▶ _The problem_
Transcribe, starting at the line with "Topper pentru Saltea" and ending at the line with "Camelion rechargeable AA 4 Batteries", every line of the material below exactly, but leave out the pictures and anything outside that span.

▶ _Provided data_
★ ★ ★ ★ ★ ★ ★

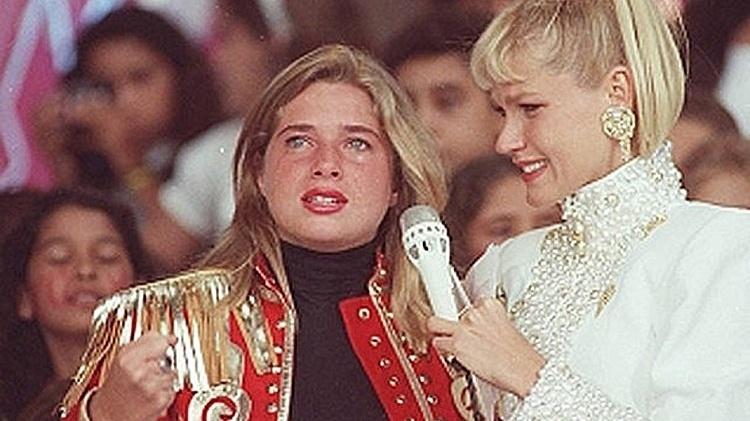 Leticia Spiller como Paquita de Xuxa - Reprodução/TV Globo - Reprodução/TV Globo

★ ★ ★ ★ ★ ★ ★

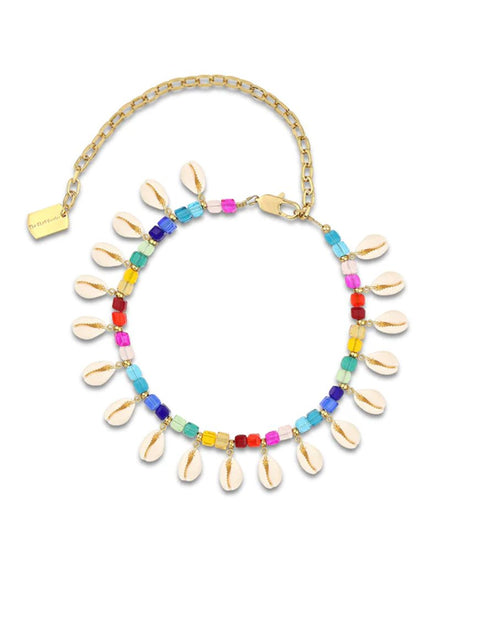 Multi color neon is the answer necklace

★ ★ ★ ★ ★ ★ ★

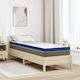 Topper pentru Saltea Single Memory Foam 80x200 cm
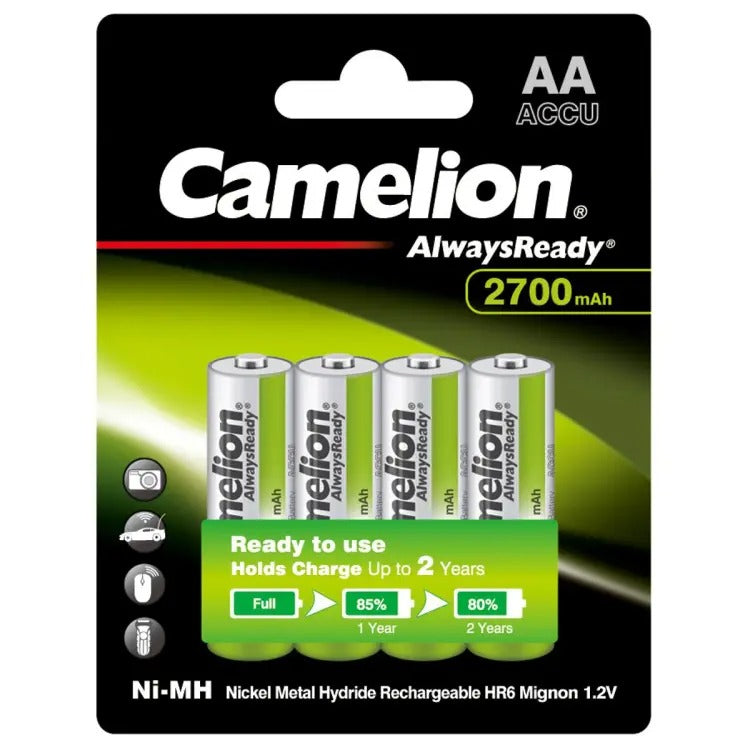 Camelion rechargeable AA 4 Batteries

★ ★ ★ ★ ★ ★ ★

▶ _Exercise output_
 Topper pentru Saltea Single Memory Foam 80x200 cm
 Camelion rechargeable AA 4 Batteries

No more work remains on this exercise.